Sensor City — described as a “sensor-systems business incubator” — is a £15m collaboration between the University of Liverpool and Liverpool John Moores University with £5m of central cash coming through the Liverpool City Region Local Enterprise Partnership (LEP).
It will be housed in a 27,000 sq ft purpose-built complex in the city’s Copperas Hill redevelopment zone and become home to companies developing and implementing new sensor systems and their integrating into industry.
The Sensor City application for enterprise zone status attracted 107 letters of support from potential stakeholders across the UK, including regional and national small firms, multi-nationals, international agencies, regional science parks, funding and business support agencies and local government.
“Sensor City is a fantastic example of what can be achieved when universities and businesses collaborate, and stands testament to the extraordinary talent in Liverpool,” commented Universities, Science and Cities Minister, Greg Clark.
“This new facility will ensure that the innovation and entrepreneurial spirit of students and academics can be harnessed by industry. This is great news for Liverpool and great news for the rest of the UK.”
Britain’s sensor industry is claimed to be worth around £13bn each year. It directly supports 70,000 jobs and produces £6bn in exports. Overall almost one-and-a-half million UK workers are employed in professions using sensors, 159,000 of them in the North West and 27,000 in Liverpool.
Steve Holloway is University of Liverpool executive pro-vice-chancellor. “It is a great achievement for the city to have been successful in winning the national competition to create the University Enterprise Zone: Sensor City,” he explained.

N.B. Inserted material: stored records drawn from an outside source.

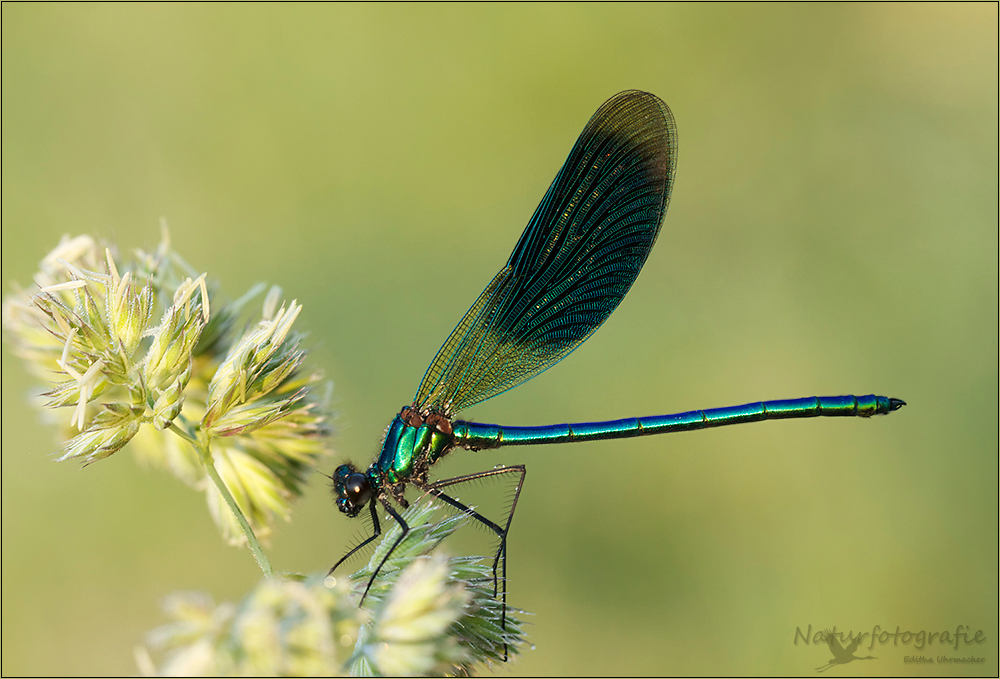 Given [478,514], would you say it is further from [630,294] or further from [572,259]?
[630,294]

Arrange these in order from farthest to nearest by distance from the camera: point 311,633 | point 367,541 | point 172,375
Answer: point 367,541
point 172,375
point 311,633

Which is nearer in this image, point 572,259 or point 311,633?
point 311,633

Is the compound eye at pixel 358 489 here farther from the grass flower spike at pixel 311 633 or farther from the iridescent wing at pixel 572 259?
the grass flower spike at pixel 311 633

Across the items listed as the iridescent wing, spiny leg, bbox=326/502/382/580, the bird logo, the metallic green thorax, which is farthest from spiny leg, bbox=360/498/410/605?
the bird logo

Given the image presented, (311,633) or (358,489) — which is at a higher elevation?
(358,489)

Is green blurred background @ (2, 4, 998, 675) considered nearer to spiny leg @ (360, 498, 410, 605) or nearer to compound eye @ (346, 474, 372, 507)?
compound eye @ (346, 474, 372, 507)

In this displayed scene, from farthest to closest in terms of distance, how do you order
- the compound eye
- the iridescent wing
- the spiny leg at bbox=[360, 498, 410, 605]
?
the iridescent wing, the compound eye, the spiny leg at bbox=[360, 498, 410, 605]

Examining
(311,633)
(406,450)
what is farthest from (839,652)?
(311,633) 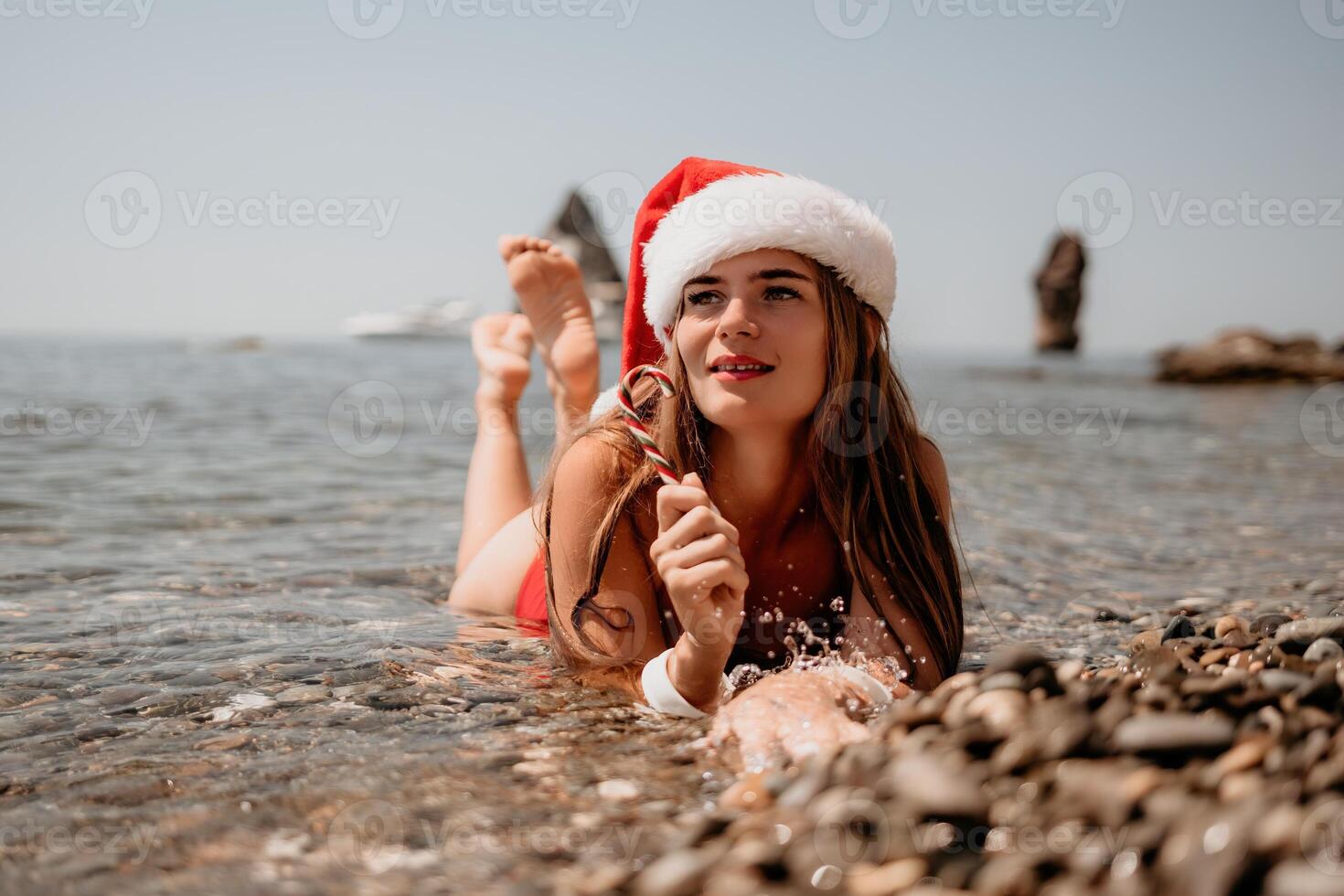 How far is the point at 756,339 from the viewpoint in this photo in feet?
10.2

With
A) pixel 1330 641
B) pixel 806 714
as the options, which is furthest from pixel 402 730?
pixel 1330 641

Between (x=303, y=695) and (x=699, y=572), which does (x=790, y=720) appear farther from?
(x=303, y=695)

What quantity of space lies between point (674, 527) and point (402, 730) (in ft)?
3.01

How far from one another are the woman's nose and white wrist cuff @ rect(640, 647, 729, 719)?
94cm

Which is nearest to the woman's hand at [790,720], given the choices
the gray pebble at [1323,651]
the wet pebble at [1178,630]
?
the gray pebble at [1323,651]

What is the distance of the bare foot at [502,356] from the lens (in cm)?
518

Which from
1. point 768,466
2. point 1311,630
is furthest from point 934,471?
point 1311,630

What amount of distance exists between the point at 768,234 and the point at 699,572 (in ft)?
3.93

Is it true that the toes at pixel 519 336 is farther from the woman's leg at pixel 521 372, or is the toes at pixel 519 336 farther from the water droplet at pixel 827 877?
the water droplet at pixel 827 877

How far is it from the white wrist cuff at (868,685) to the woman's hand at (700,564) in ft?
1.15

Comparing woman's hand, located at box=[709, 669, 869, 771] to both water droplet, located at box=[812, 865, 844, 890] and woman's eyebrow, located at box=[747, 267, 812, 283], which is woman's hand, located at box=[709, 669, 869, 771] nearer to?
water droplet, located at box=[812, 865, 844, 890]

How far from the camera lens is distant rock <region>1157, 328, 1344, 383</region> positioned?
30.9 metres

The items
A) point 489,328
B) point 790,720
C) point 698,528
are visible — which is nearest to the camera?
point 790,720

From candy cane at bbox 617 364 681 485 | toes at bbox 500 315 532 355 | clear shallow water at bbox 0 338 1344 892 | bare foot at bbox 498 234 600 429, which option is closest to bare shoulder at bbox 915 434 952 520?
clear shallow water at bbox 0 338 1344 892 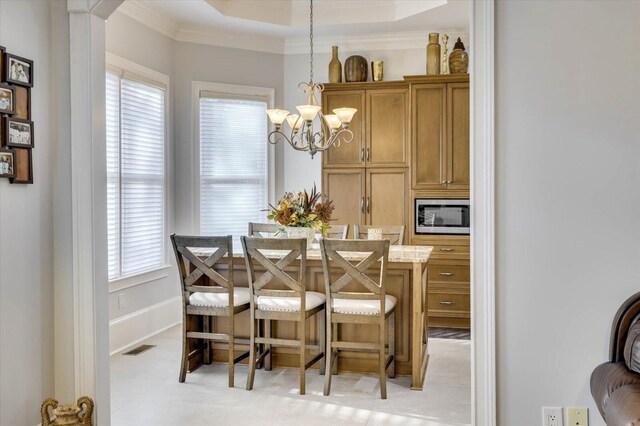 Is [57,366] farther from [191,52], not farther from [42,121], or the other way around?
[191,52]

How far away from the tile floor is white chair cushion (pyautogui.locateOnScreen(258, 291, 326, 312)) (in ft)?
1.78

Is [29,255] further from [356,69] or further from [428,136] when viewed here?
[356,69]

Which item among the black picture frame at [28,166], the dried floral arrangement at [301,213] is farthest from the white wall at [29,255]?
the dried floral arrangement at [301,213]

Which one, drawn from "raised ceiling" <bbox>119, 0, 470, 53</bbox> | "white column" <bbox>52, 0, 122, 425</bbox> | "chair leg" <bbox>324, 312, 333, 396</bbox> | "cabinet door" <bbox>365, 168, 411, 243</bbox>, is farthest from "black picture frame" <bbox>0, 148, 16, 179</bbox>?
"cabinet door" <bbox>365, 168, 411, 243</bbox>

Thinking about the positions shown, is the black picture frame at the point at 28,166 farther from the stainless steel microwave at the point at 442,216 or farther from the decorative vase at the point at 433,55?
the decorative vase at the point at 433,55

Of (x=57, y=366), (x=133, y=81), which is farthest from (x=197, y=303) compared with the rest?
(x=133, y=81)

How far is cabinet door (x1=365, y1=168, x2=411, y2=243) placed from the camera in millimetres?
5906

“It is also vital to the region that the entrepreneurial talent that is resident in our universities is given the opportunity to translate ideas from the back-of-the-envelope to start-ups, and eventually to fully-fledged businesses which will, in turn, benefit the region and potentially create new jobs.”
The project is the first major strategic collaboration between both universities and the LEP. Sensor technologies are also a major part of the LEP’s 2014-2010 Innovation Plan.
It’s hoped that Sensor City will dramatically cut down the time it takes for inventions to migrate from the laboratory work bench to the factory floor as well as attracting global investment into Merseyside’s high-tech start-ups.
Backing the pioneering scheme during a summer visit to Liverpool, Chancellor George Osborne said: “The stuff being developed here is absolutely cutting edge … It is better than anything else happening anywhere in the world.
“We are all going to use the technologies being developed at Sensor City and we are going to be able to say they were made in Liverpool.”